Христос воскресе, малыш! Молись там о нас.
Ирина. Ирочка, я до сих пор не могу смириться с мыслью, что ты здесь, и уже целых шесть лет. Ты не должна была умирать, тем более в таком возрасте. Красавица ты наша. Никогда не забуду: после того как соборовал тебя и причастил, ты взяла мою руку в свои, уже полупрозрачные от болезни, и, поцеловав, сказала:
– Теперь я ничего не боюсь. Спасибо тебе.
Я думаю, ты не обижаешься, что я чуть ли не силком прогонял Андрея от твоей могилки. Знаешь, я бояться за него начал. Что делать, как говорится, мертвые к мертвым, живые к живым. Христос воскресе, радость наша!
София, скажу тебе честно, так, как ты пекла блины, у нас до сих пор никто не печет. Ты думаешь, я шучу? На полном серьезе. Те школьники, что тогда вместе с нами убирали из храма мусор, а потом «уплетали» с чаем твои блины, уже выросли. У кого-то свои дети, а придут и все вспоминают, как мы их твоими блинами кормили.
Как же нам было трудно! Это сейчас у нас и трапезная, и приходской дом в два этажа, а тогда – все «на коленке». До сих пор удивляюсь, как ты везде поспевала? Христос воскресе! Наш премудрый человек.
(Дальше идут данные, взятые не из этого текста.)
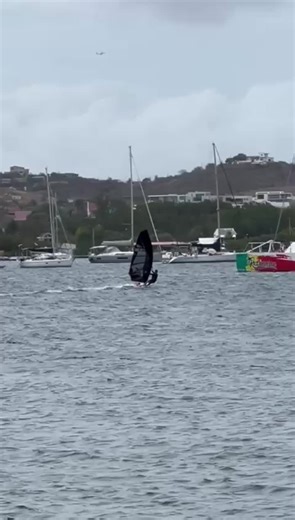 Training in lightwinds for the upcoming race💪 . . . #windsurf #windsurfer #harbor #boat #2025 #cura #content #point7windsurf #point7 #life #mylife #viral_video #fyp #viralvideos #curacaowindsurfing #water #curacao🇨🇼 #speeding #blasting #foryou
Прасковьюшка! Ангел мой, моя бессменная алтарница. Сегодня Радоница и твоя восьмая годовщина рождения в вечность. Ты читала-то по слогам, а как многому меня научила. Друг мой, я благодарен Богу, что Он свел меня с тобой.
Ты, матушка, молись обо мне, чтобы и мне когда-нибудь достичь меры твоей простоты. И чтобы вот так же научиться надеяться и уповать. Ты, конечно, знаешь, что твоя младшая дочь прекратила пьянствовать, пришла в храм, молится и постоянно причащается. Сегодня она, как ты, из церкви не выходит. Так что обе твои дочери в храме.
Твоя молитва делает свое дело, даже по смерти она не теряет силу. Ты по ней все глаза выплакала, а время подошло, и она сама мне сказала:
– Все, батюшка, возврата к прошлому не будет.
Какая же ты у нас умница! Прасковьюшка, Христос воскресе!
А здесь лежит мой старый знакомец, Василий Иваныч. На старости лет с ним случилась такая «проруха», влюбился человек, как мальчишка. Стихи о любви писать начал, а самому стыдно кому и признаться. А мне доверился. Придет к моему подъезду, сядет на лавочку и ждет, когда я увижу его и выйду. Тетрадку достанет, и полились «сонеты». Сколько раз, друг мой, я звал тебя в храм. Ты все обещал, да… так и не собрался. Христос воскресе, Иваныч!
Вот начались богатые надгробия. Здесь, за внушительной металлической оградой, три камня. Так и есть, семья из трех человек. Петрович, сам предприниматель, хороший мужик, выпивающий, правда. Сына не уберег, подсадили парня из зажиточной семьи на иглу. Сколько лечили, все бесполезно. После смерти сына жена сама стала пить, да так, словно решила умереть. Жили они рядом с храмом. На церковной некогда земле дом построили, большой, красивый, жить бы в нем и жить.